If your answer isn’t “check my stance and grip,” you’re missing the foundation of every movement you do in CrossFit. And you’re not alone. This is one of the most overlooked aspects of training, even among experienced athletes.

But here’s the truth: sometimes a movement looks inefficient or demonstrates faulty mechanics not because the athlete lacks strength or mobility, but simply because their feet or hands are in the wrong position. Adjust the foot placement and hand position, and suddenly the movement clicks.

If you’d rather watch and listen to this conversation, you can do that here.

You can also find our other information on common movement themes here:

What We’re Really Talking About

Establishing an effective stance and grip means having foot placement and hand position that are ideal for the task at hand. This allows you to:

  1. Complete the movement.
  2. Execute the points of performance correctly.
  3. Transfer force efficiently.
  4. Maintain proper balance and stability.
  5. Access the range of motion you need.

It sounds simple, but it’s surprisingly specific. We’re not talking about “somewhere around here.” We’re saying your feet need to be exactly here, and your hands need to be exactly here.

Why This Gets Overlooked

Even experienced athletes will walk up to a barbell and set up with their feet in the wrong position.
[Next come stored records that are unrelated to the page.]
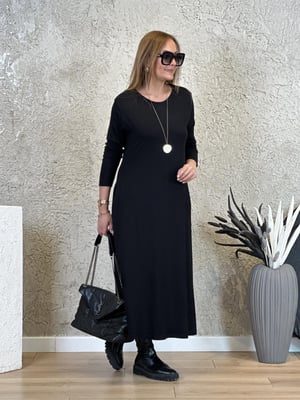 Siyah Oversize Uzun Elbise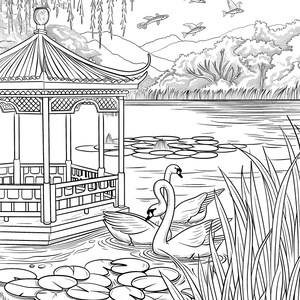 FREE Serene Nature Scene Coloring Page - Download NOW ⛰️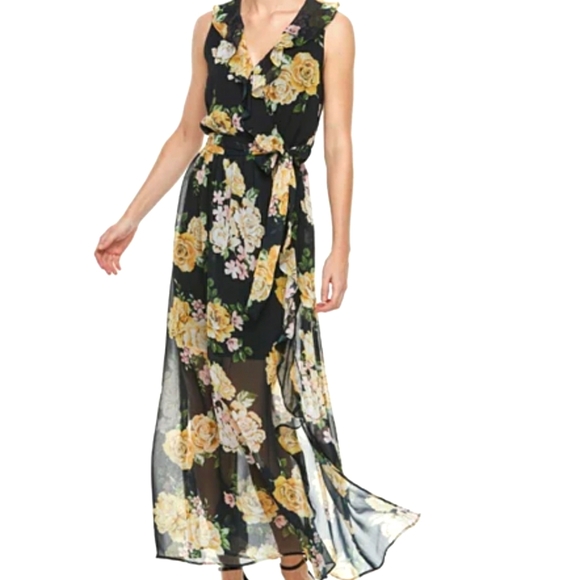 Disney Princess Juniors' Floral Surplice Maxi Dress - Picture 1 of 7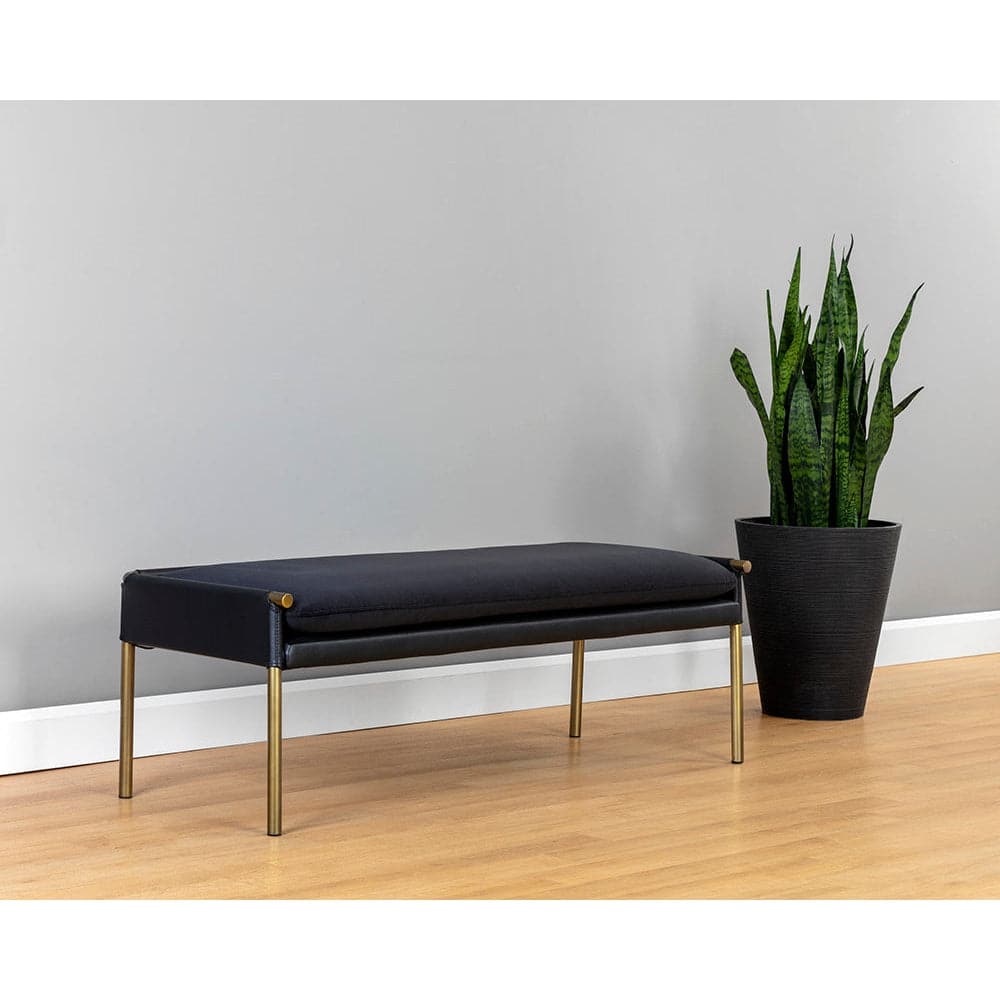 Bellevue Bench - Abbington Black / Bravo Black-Sunpan-SUNPAN-106185-BenchesBlack-4-France and Son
As a coach, if you’re not in charge of checking stance and grip, you’ll find yourself adjusting every single athlete’s setup for every single rep. It should be automatic. It should be part of your setup routine for every movement, right alongside taking a breath and bracing your core.

But people just don’t see the importance of it. They don’t realize how specific it needs to be. Or they know intellectually that it matters, but they don’t actually check it consistently.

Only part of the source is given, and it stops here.